Work order: Whenever a line of the records below contains the word "bedroom", copy that line.

*** Block opens ***

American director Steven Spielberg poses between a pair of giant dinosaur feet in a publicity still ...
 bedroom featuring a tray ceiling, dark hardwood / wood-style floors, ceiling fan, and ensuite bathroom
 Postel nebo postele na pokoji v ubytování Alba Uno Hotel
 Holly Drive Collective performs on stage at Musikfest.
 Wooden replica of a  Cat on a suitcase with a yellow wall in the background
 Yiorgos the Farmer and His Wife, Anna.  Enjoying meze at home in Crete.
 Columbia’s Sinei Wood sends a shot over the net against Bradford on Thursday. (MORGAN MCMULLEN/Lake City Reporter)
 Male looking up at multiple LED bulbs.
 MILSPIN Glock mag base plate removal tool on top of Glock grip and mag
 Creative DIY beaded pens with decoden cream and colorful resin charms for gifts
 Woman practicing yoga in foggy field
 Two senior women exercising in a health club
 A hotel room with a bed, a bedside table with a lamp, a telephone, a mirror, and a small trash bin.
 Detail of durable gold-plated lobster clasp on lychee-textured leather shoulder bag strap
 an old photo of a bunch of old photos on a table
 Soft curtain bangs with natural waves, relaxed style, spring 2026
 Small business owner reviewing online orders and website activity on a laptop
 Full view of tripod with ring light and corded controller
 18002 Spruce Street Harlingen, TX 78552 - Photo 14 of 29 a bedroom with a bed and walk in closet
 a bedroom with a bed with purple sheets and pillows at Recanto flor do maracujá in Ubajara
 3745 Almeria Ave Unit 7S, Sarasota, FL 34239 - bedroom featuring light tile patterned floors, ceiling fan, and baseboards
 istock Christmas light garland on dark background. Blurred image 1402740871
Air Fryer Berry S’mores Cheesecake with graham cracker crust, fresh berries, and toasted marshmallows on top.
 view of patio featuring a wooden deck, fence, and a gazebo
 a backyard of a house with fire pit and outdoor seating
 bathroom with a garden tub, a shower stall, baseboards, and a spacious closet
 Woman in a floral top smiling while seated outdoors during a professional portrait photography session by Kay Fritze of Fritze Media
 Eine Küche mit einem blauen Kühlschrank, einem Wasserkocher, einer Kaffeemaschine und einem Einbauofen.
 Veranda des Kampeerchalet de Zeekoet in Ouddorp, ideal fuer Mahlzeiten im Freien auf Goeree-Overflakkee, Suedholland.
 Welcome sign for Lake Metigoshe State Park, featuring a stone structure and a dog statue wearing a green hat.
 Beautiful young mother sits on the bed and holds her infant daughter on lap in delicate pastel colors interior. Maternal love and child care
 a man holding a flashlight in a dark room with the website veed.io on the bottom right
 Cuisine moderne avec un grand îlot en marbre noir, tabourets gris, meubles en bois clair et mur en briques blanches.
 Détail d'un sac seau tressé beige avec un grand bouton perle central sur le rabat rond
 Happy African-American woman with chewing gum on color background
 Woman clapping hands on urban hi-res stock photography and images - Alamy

*** Block closes ***

Exercise output:
 bedroom featuring a tray ceiling, dark hardwood / wood-style floors, ceiling fan, and ensuite bathroom
 18002 Spruce Street Harlingen, TX 78552 - Photo 14 of 29 a bedroom with a bed and walk in closet
 a bedroom with a bed with purple sheets and pillows at Recanto flor do maracujá in Ubajara
 3745 Almeria Ave Unit 7S, Sarasota, FL 34239 - bedroom featuring light tile patterned floors, ceiling fan, and baseboards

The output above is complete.